A second port on Canada’s West Coast is proposing a ban on cruise ships dumping contaminated and acidic wastewater while docked to protect the marine environment.

The Port of Prince Rupert on B.C.’s north coast is taking public feedback until Feb. 5 on changes slated for 2023, including forbidding the open-loop scrubber systems that cruise ships use to clean their exhaust when burning dirty fuel.

Open-loop scrubber systems use water to “wash” pollutants in dirty heavy fuel oil, such as sulphur dioxide, carcinogens and heavy metals, from the fumes. They then flush the untreated mix directly into the ocean rather than the atmosphere.

This wastewater worsens ocean acidification, which makes it harder for marine organisms such as oysters, clams, prawns and crabs to form shells. Tiny but important floating marine snails, a critical food source for many animals including salmon, sharks and whales, are also affected.

Heavy metals from scrubber wastewater can accumulate in the food web, harming marine life and causing reproductive disorders in endangered marine mammals, such as southern resident killer whales.

It’s great news that the Prince Rupert port — following the example set by the Port of Vancouver last spring — is stepping up to help protect B.C.’s ocean and the coastal communities that depend on it, said Anna Barford, Stand.earth’s shipping campaigner, especially given the federal government’s failure to prevent cruise ships from dumping billions of litres of polluted, acidic wastewater along the coast each year.

“It’s time for the federal government to stop depending on local leadership to do the heavy lifting with limited bans and step in to protect the entire coast,” she said.

Transport Canada needs to follow California’s example, which has banned ships’ use of any exhaust gas cleaning systems in its waters, she added.

The fix is simple for cruise ships facing bans on polluting scrubber systems, Barford said: they just need to use cleaner but more expensive fuels.

Ottawa has to stop letting local port authorities do the heavy lifting in preventing cruise ships from dumping billions of litres of corrosive wastewater along the B.C. coast, environmentalists say.
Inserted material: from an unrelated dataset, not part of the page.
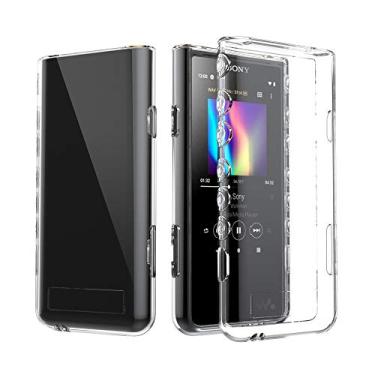 Imagem de Zshion Capa para Sony NW-ZX507/NW-ZX500/NW-ZX505, capa de TPU macia leve com absorção de choque para Sony Walkman NW ZX500 ZX505 ZX507 (transparente)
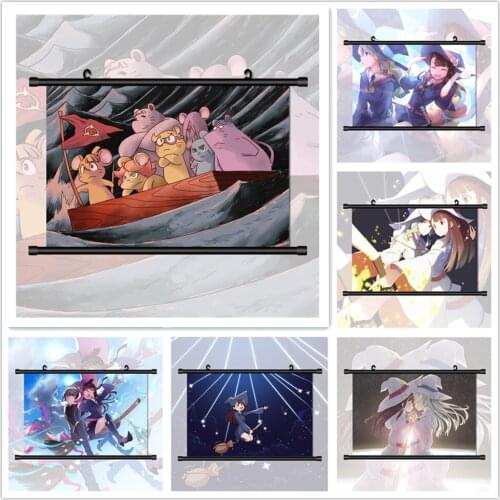 Little Witch Academia Anime Manga HD Print Wall Poster Scroll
Scrubbers are a loophole that gives the cruise industry a way to comply with International Maritime Organization rules on harmful sulphur emissions without switching fuels, she said.

“Transport Canada’s policy continues to allow scrubbers and the use of dirty, bottom-of-the-barrel fossil fuels, which lines the pockets of cruise ship executives and ship owners at the expense of coastal communities that deal with the pollution,” Barford said.

Last April, the federal government launched new voluntary discharge and treatment guidelines for cruise ships on sewage and grey water (kitchen and laundry wastewater, food waste, cleaning products, grease and oil, and other pollutants). These guidelines are slated to become mandatory this year.

Transport Canada originally set out to crack down on scrubber discharge, an access-to-information request obtained by Canada’s National Observer showed. But when new wastewater rules were released, scrubber wastewater, which accounts for upwards of 90 per cent of the water pollution from cruise ships, was exempt.

The federal Ministry of Transport and Transport Canada did not say if or when the federal government is developing measures to restrict or ban the discharge of polluted scrubber wastewater when asked by Canada’s National Observer.

The Port of Prince Rupert’s new rules on scrubber wastewater will go into effect after considering public comment and when the port’s 2023 information guide is finalized, Katherine Voigt, the port authority’s communications manager, said in an email.

“In an effort to continuously improve the sustainability practices of port activities and to minimize any environmental impacts to air and water at the Port of Prince Rupert, and in keeping with emerging industry best practices, the [port authority] has identified the elimination of open-loop scrubber use within its jurisdiction as a reasonable course of action,” Voigt said.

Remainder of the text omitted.